PROMPT: Give back the exact lines of the material below from the one containing "Blush Kiss Font - Preview 6" through the one containing "Hytech Hy-xhd01 Hdmı", and no pictures.

RECORDS PROVIDED:
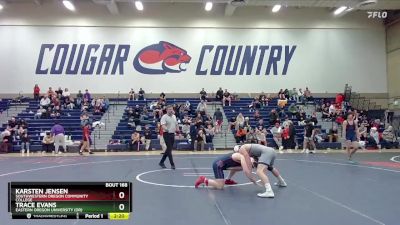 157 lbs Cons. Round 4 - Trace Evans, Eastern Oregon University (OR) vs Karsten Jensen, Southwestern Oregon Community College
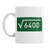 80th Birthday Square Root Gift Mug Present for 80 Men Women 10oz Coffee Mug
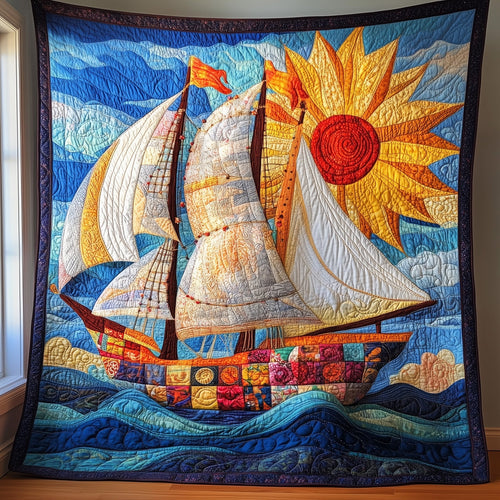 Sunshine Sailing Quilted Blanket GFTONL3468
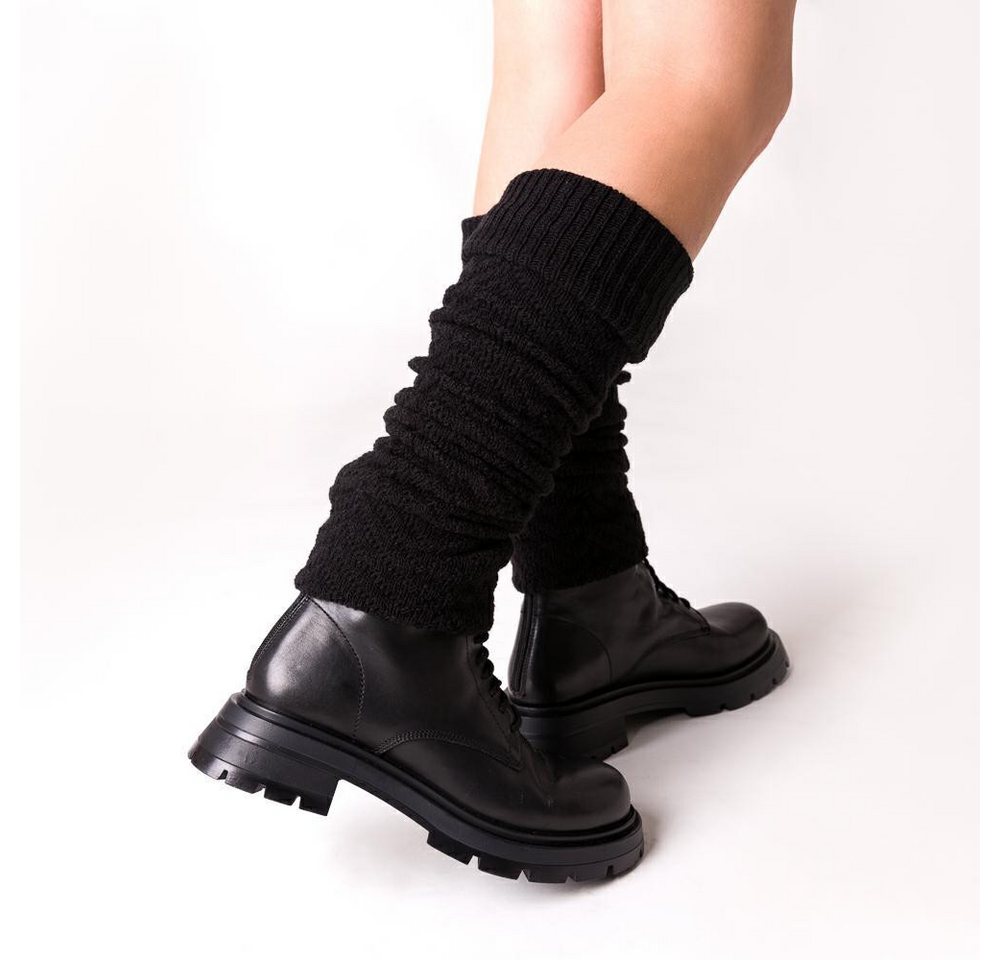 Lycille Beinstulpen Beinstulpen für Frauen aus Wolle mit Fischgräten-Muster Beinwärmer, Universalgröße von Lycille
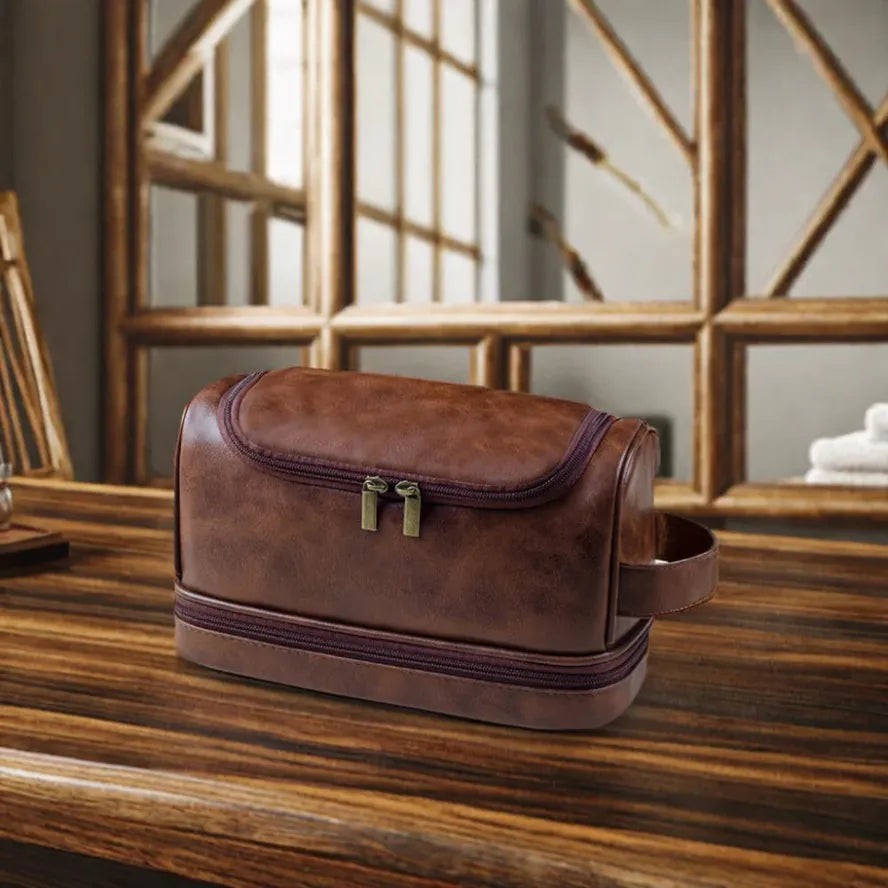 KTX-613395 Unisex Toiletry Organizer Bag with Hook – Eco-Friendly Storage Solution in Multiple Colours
---
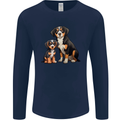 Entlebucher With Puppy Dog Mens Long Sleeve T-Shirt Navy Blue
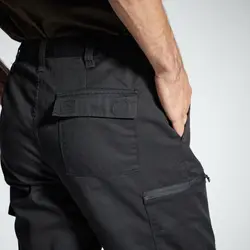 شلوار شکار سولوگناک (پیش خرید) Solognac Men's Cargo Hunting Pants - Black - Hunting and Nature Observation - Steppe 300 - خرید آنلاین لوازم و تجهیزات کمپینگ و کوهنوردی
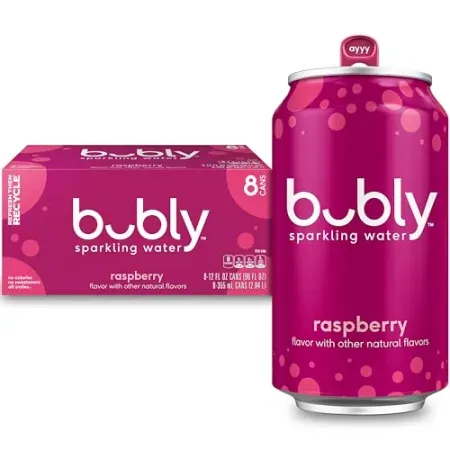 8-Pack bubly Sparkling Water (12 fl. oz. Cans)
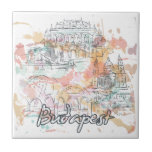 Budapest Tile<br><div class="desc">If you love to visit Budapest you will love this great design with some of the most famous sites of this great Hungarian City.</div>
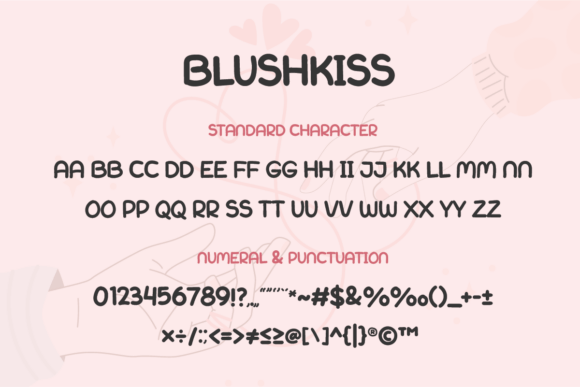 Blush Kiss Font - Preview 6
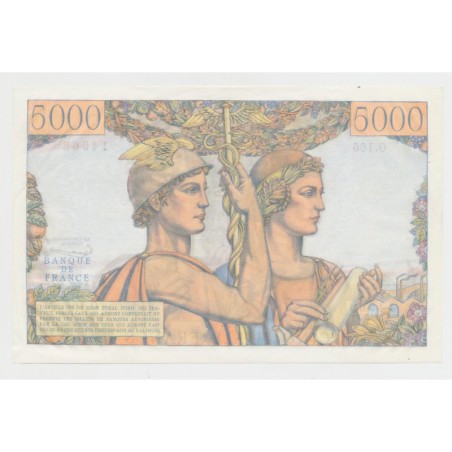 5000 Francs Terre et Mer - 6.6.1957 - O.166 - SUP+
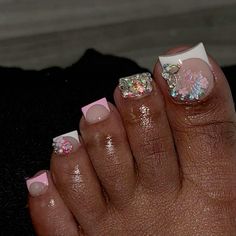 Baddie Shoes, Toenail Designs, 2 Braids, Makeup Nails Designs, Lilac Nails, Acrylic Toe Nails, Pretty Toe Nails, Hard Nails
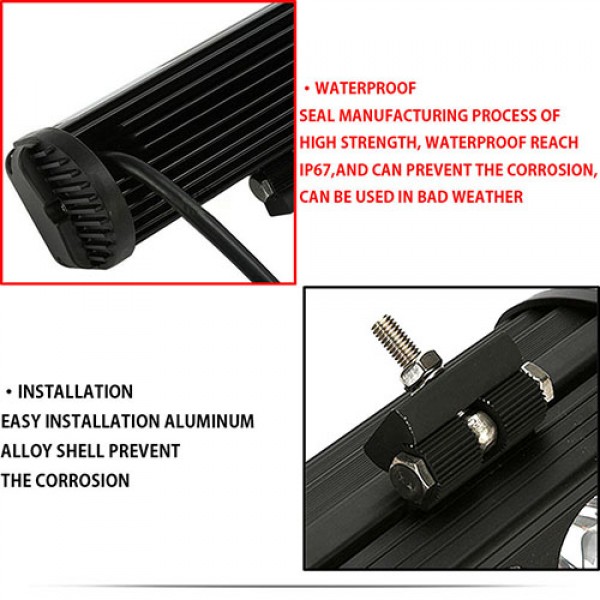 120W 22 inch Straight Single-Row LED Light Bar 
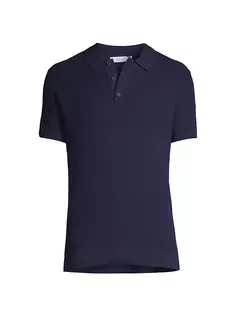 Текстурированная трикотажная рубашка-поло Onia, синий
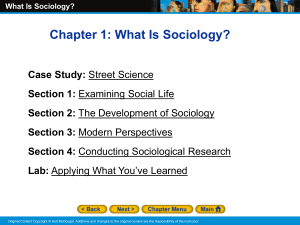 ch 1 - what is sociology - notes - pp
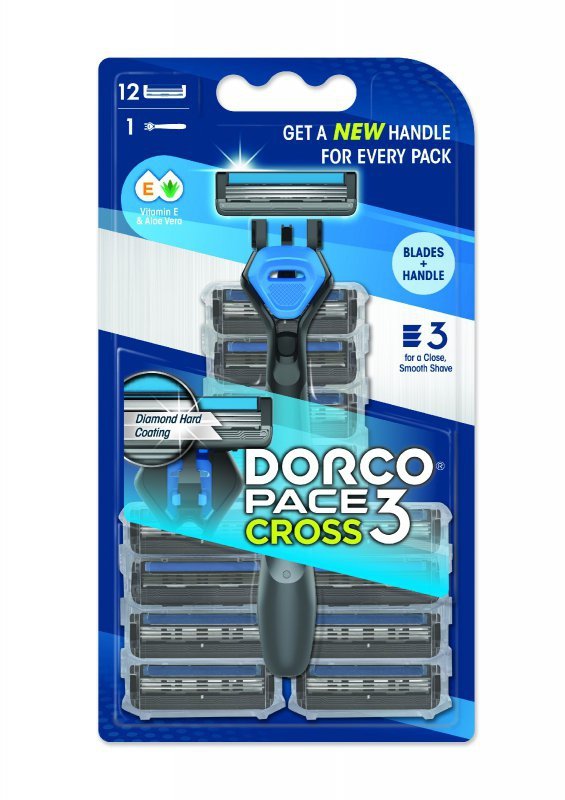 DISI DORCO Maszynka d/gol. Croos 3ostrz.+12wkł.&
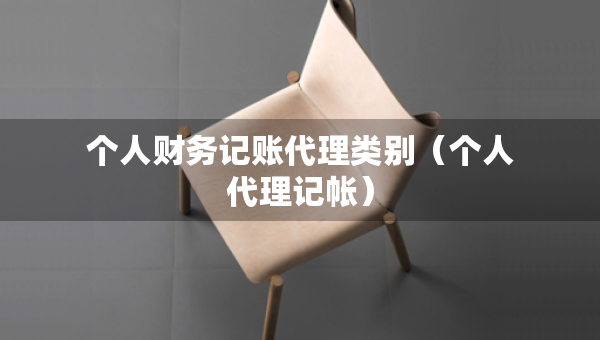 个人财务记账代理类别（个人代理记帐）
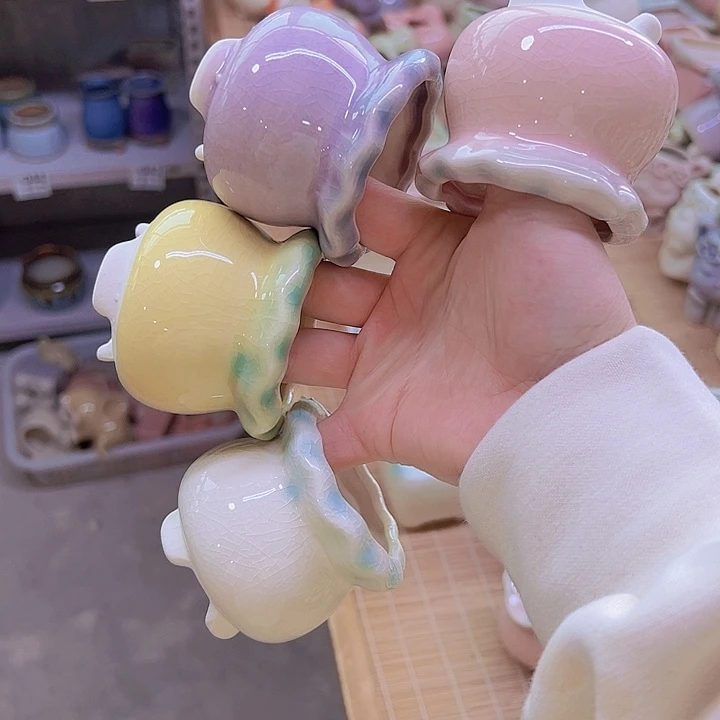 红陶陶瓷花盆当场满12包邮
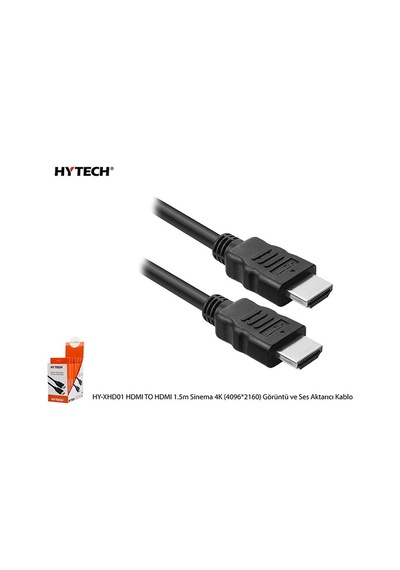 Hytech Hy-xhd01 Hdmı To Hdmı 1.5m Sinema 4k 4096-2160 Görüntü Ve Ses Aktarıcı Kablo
==
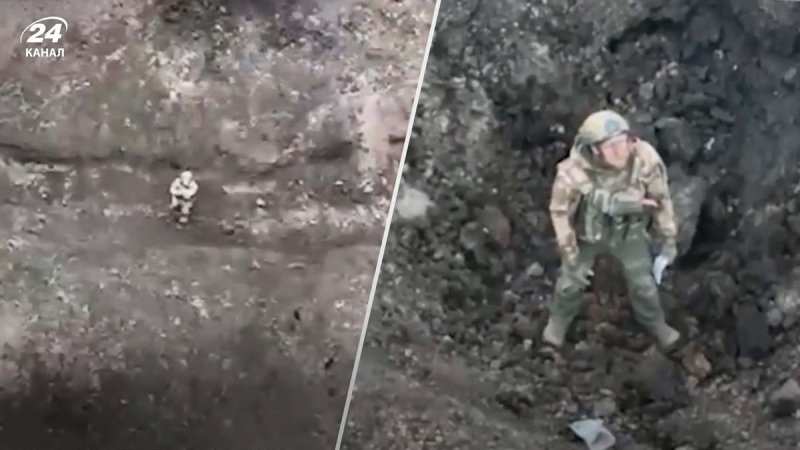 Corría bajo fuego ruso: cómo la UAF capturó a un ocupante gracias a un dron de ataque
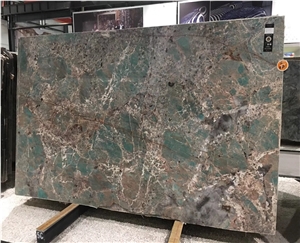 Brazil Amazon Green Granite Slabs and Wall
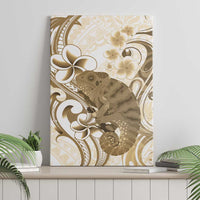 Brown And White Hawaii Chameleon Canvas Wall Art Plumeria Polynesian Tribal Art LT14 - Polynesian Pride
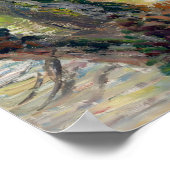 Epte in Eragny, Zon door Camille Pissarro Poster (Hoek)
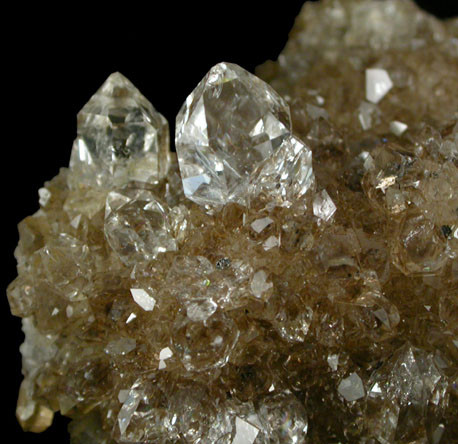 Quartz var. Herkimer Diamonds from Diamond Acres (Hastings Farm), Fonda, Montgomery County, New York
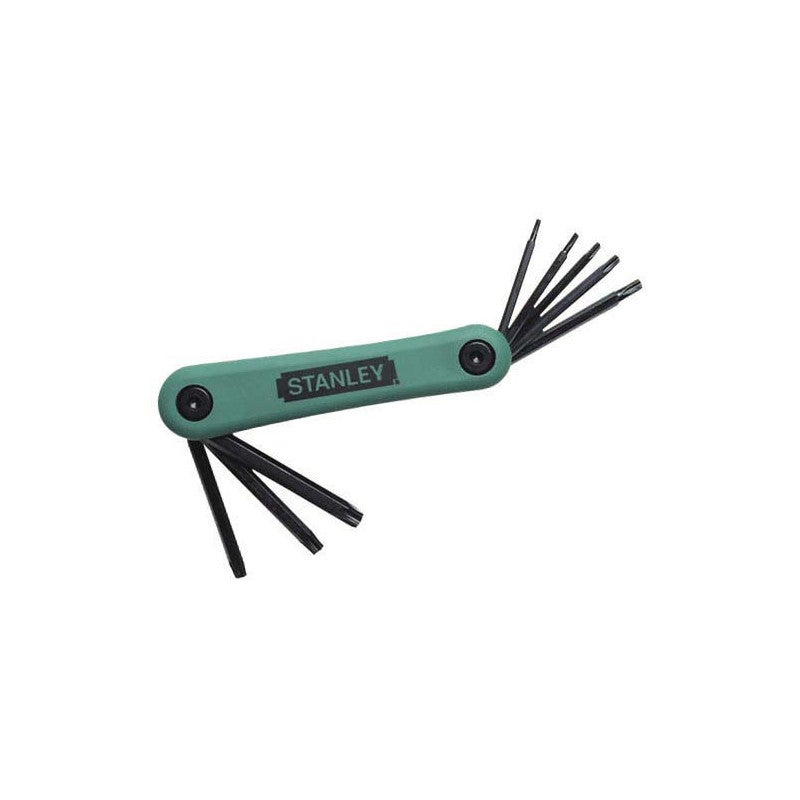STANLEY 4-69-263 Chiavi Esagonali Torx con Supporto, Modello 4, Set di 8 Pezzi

RESPONSE:
 Blush Kiss Font - Preview 6
 5000 Francs Terre et Mer - 6.6.1957 - O.166 - SUP+
 Baddie Shoes, Toenail Designs, 2 Braids, Makeup Nails Designs, Lilac Nails, Acrylic Toe Nails, Pretty Toe Nails, Hard Nails
 120W 22 inch Straight Single-Row LED Light Bar 
 Текстурированная трикотажная рубашка-поло Onia, синий
 ch 1 - what is sociology - notes - pp
 DISI DORCO Maszynka d/gol. Croos 3ostrz.+12wkł.&
 个人财务记账代理类别（个人代理记帐）
 红陶陶瓷花盆当场满12包邮
 Hytech Hy-xhd01 Hdmı To Hdmı 1.5m Sinema 4k 4096-2160 Görüntü Ve Ses Aktarıcı Kablo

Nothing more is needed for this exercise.